Records from a collection:
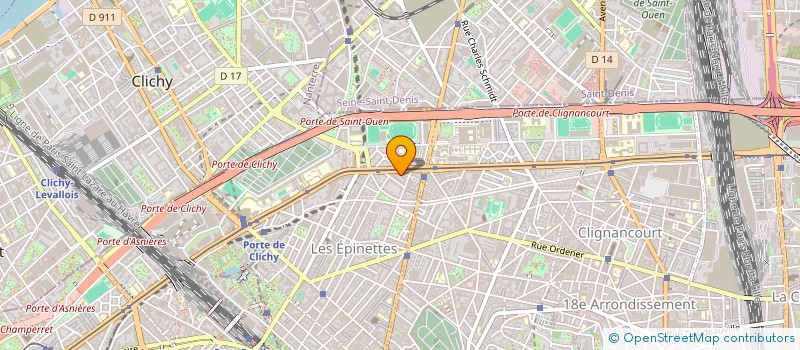 localisation de l'entreprise A.B.M. NEGOCE  PARIS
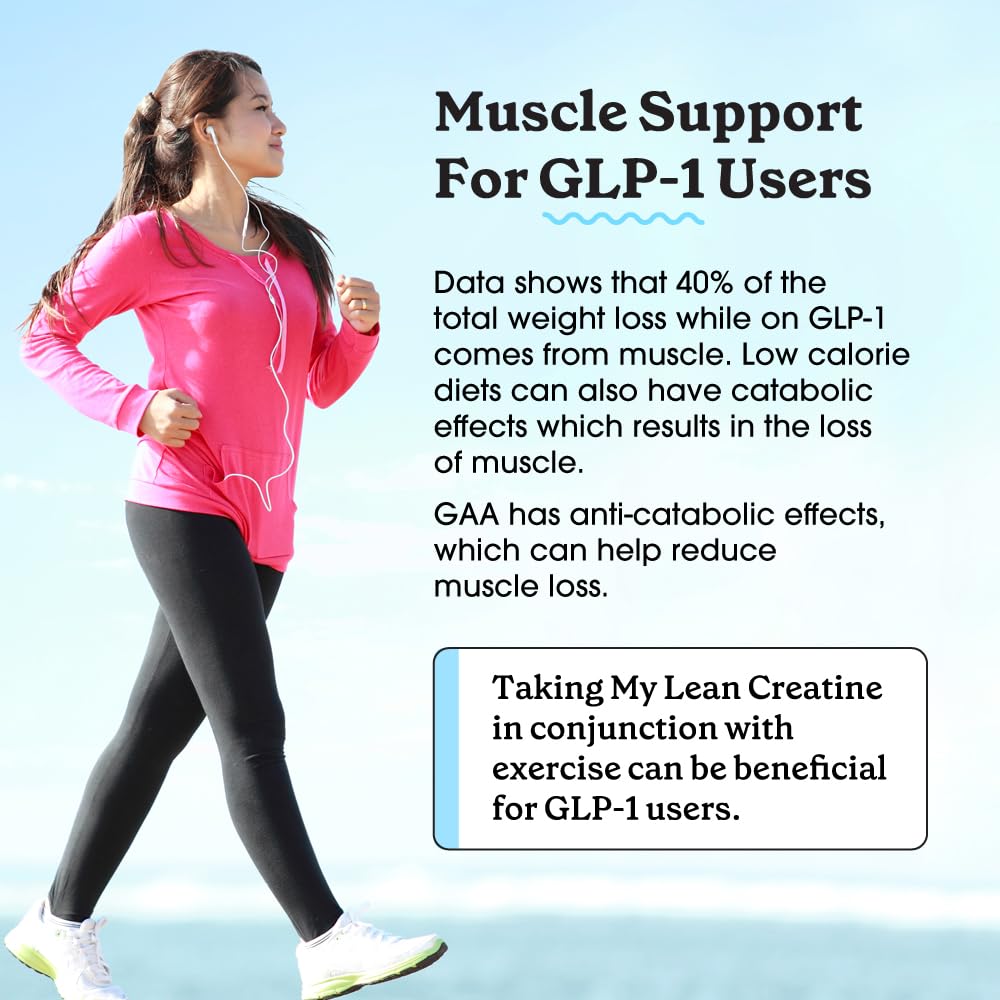 Fit & Lean Creatine women performance visual hints at strength and endurance benefits.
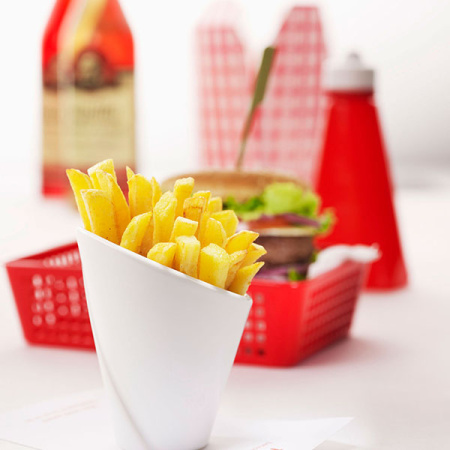 Салатник «Корнет»;фарфор;120мл;D=90,H=105мм;белый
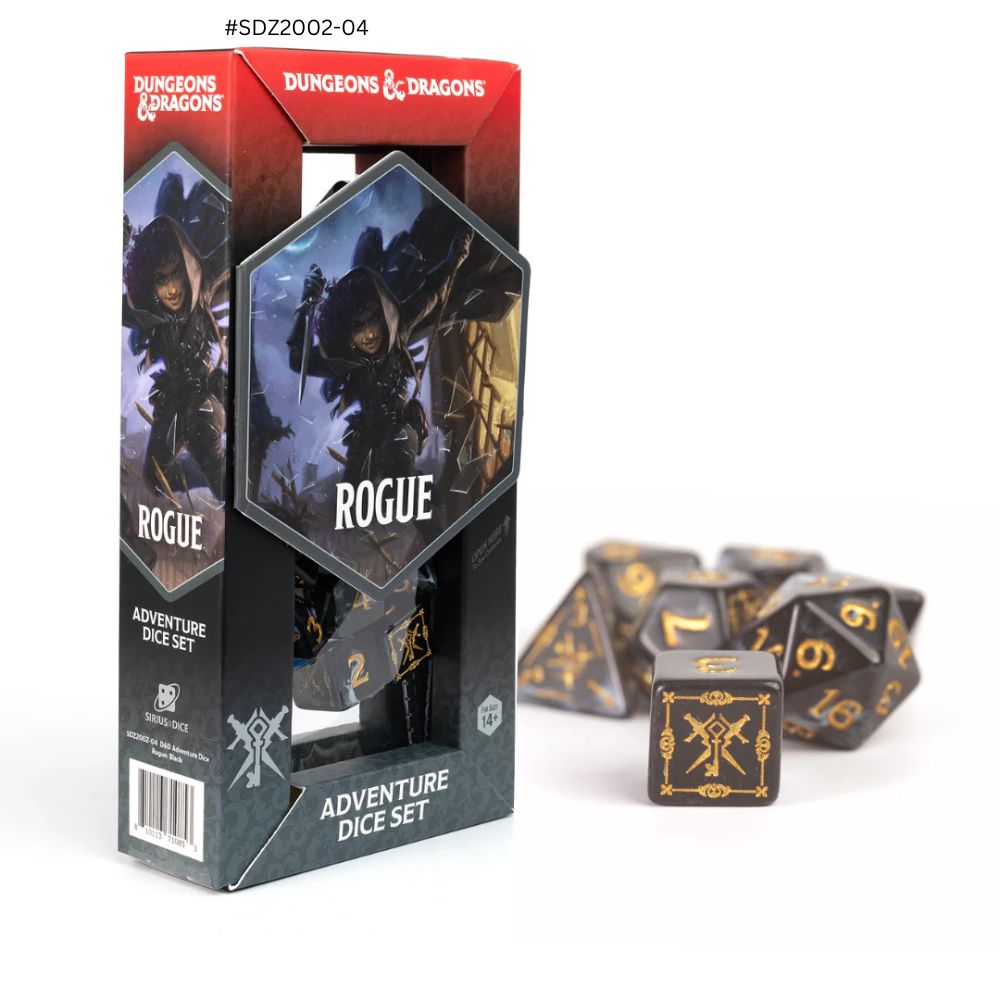 Dungeons & Dragons Adventure Dice - Rogue: Black | Sirius Dice image 0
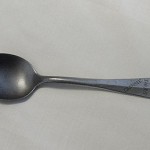 "I kept the spoon while I was at Plaszow and Mathausen because if I lost it I would have to use my fingers to eat. I have kept it because it holds the memory of that time for me."  Photograph courtesy of Sydney Jewish Museum
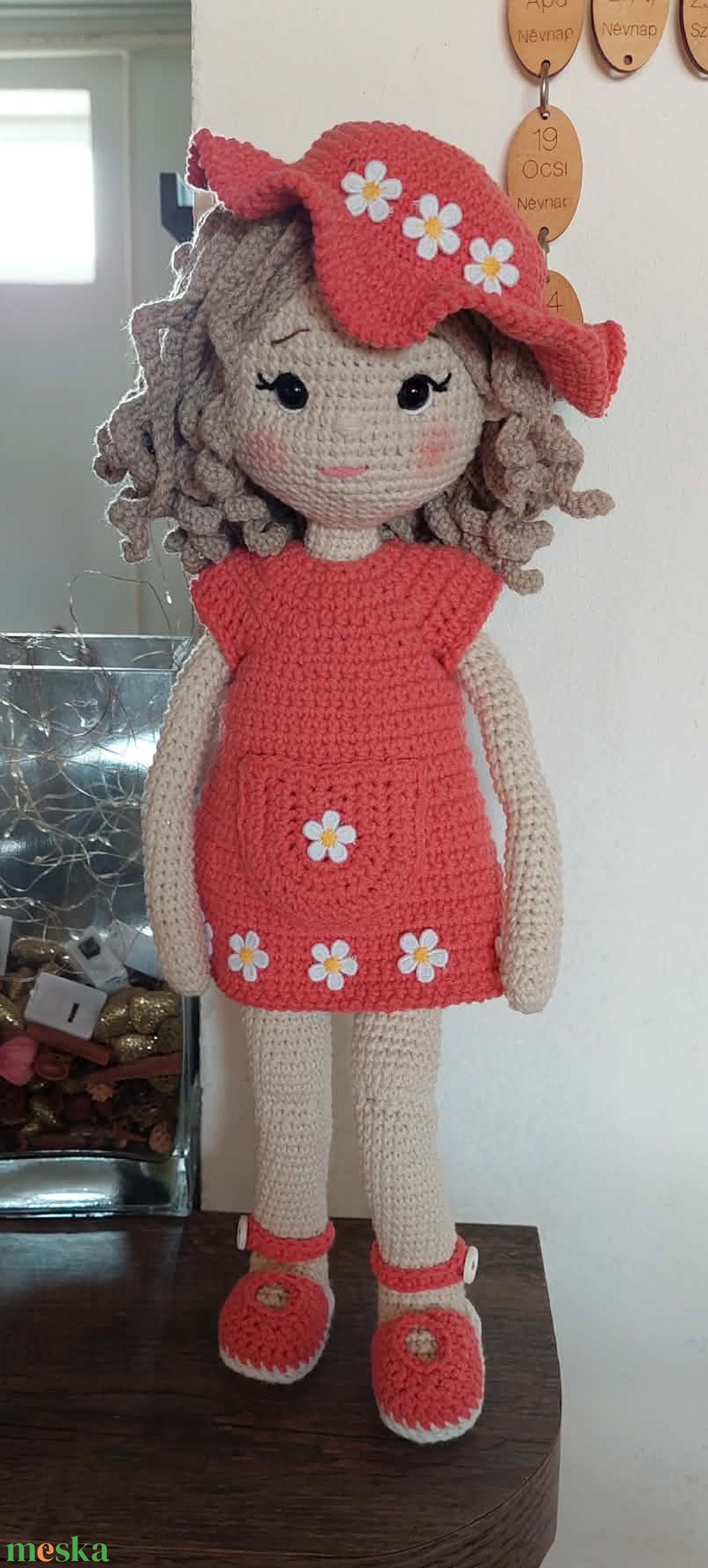 Mia baba, öltöztethető, 36 cm - játék & sport - baba & babaház - játékbaba, babakellék - Meska.hu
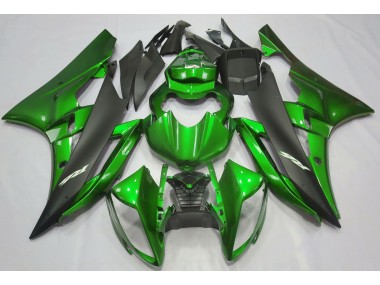 Verde Metallizzato & Nero 06-07 Yamaha R6 Carena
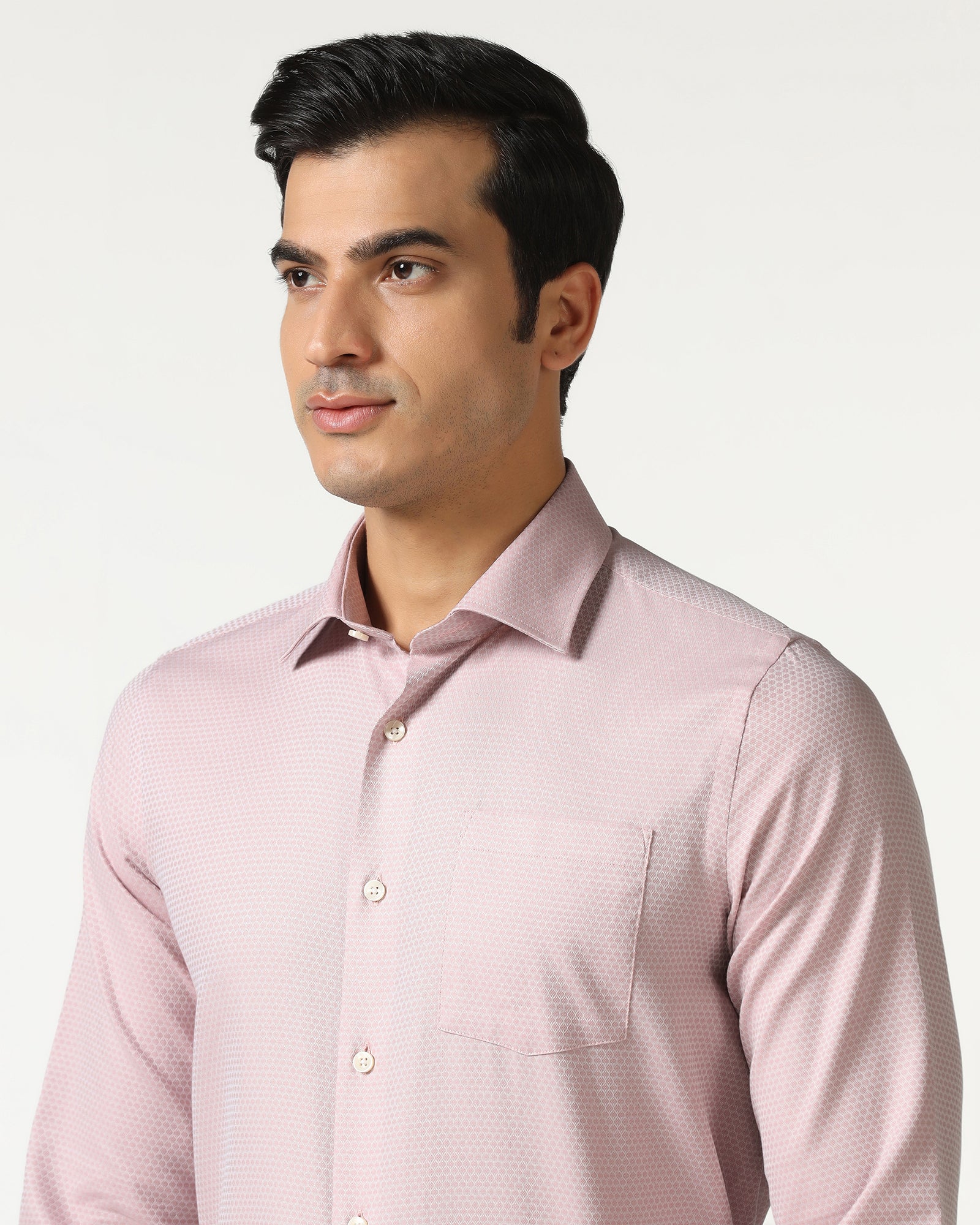 Dusty Pink Textured Shirt - Random - Image 4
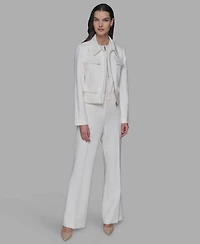 Karl Lagerfeld Paris Women's Collared Jacket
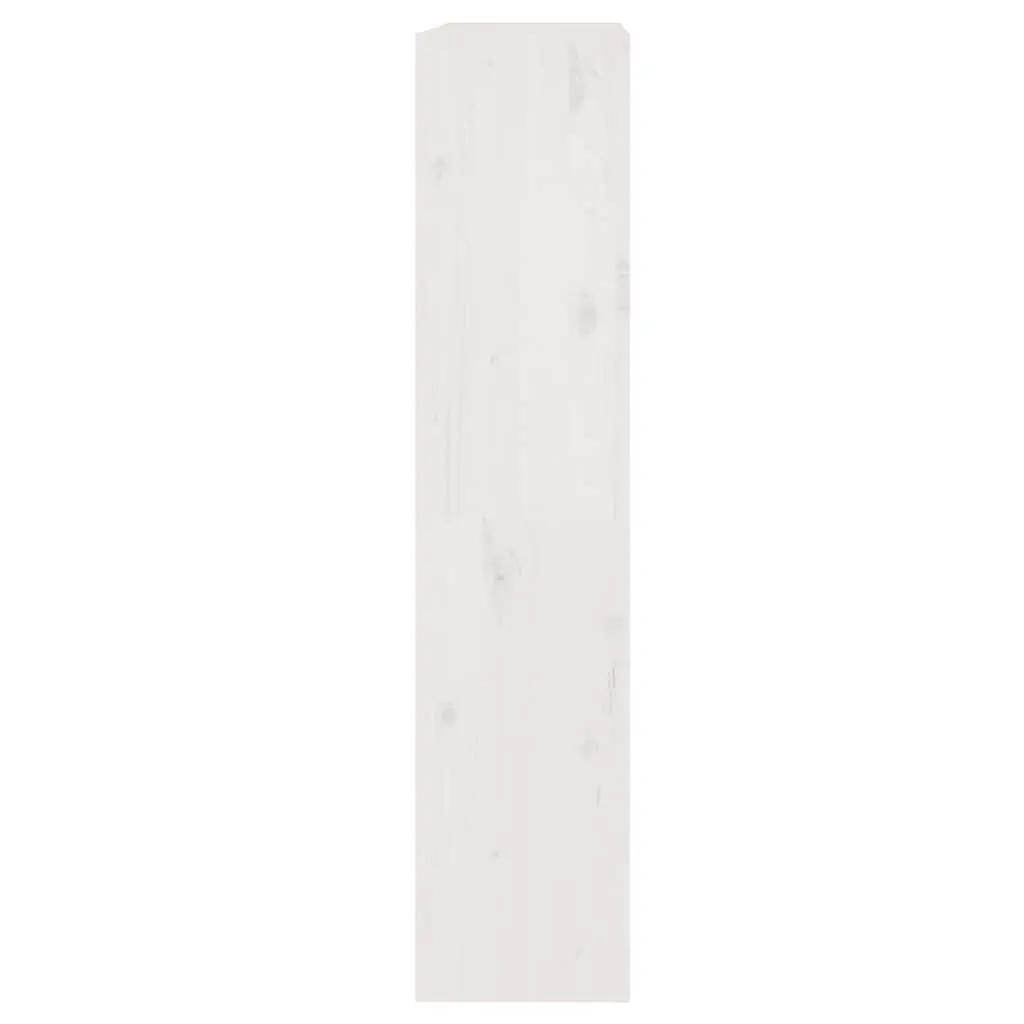 White Wooden Book Cabinet with 4 Compartments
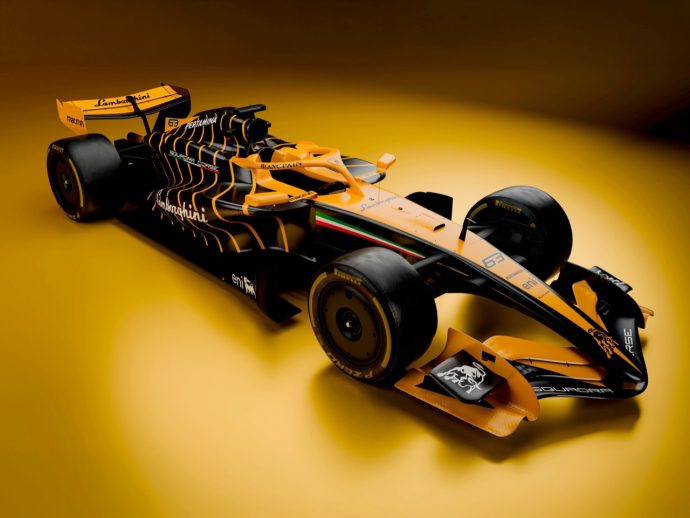 This 2026 Lamborghini F1 Livery Proves the Raging Bull Belongs on the Grid (Even If It Never Happens)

#### TASK INSTRUCTIONS
Please retype exactly the lines from the line containing "Mia baba, öltöztethető, 36" through the final line of the records above, inclusive, leaving out any pictures.

#### ANSWER TO THE EXERCISE
 Mia baba, öltöztethető, 36 cm - játék & sport - baba & babaház - játékbaba, babakellék - Meska.hu
 Verde Metallizzato & Nero 06-07 Yamaha R6 Carena
 Dusty Pink Textured Shirt - Random - Image 4
 Karl Lagerfeld Paris Women's Collared Jacket
 White Wooden Book Cabinet with 4 Compartments
 This 2026 Lamborghini F1 Livery Proves the Raging Bull Belongs on the Grid (Even If It Never Happens)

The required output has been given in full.